§ **INPUT FOR THIS TASK**:
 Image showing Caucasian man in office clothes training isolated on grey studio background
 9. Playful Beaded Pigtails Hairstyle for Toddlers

--

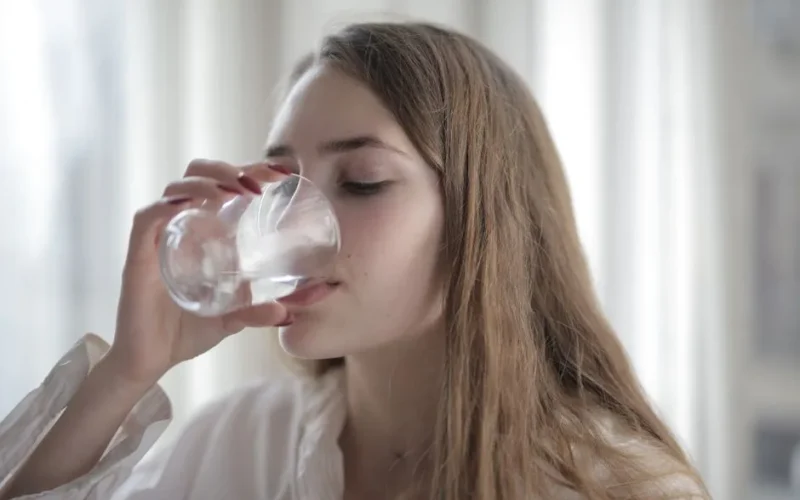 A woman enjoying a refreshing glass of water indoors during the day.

§ **ACTIVITY**:
Please transcribe only the lines in the records above running from the line that has "Image showing Caucasian" through the line that has "9. Playful Beaded", both included, exactly as they appear.

§ **EXPECTED ANSWER**:
 Image showing Caucasian man in office clothes training isolated on grey studio background
 9. Playful Beaded Pigtails Hairstyle for Toddlers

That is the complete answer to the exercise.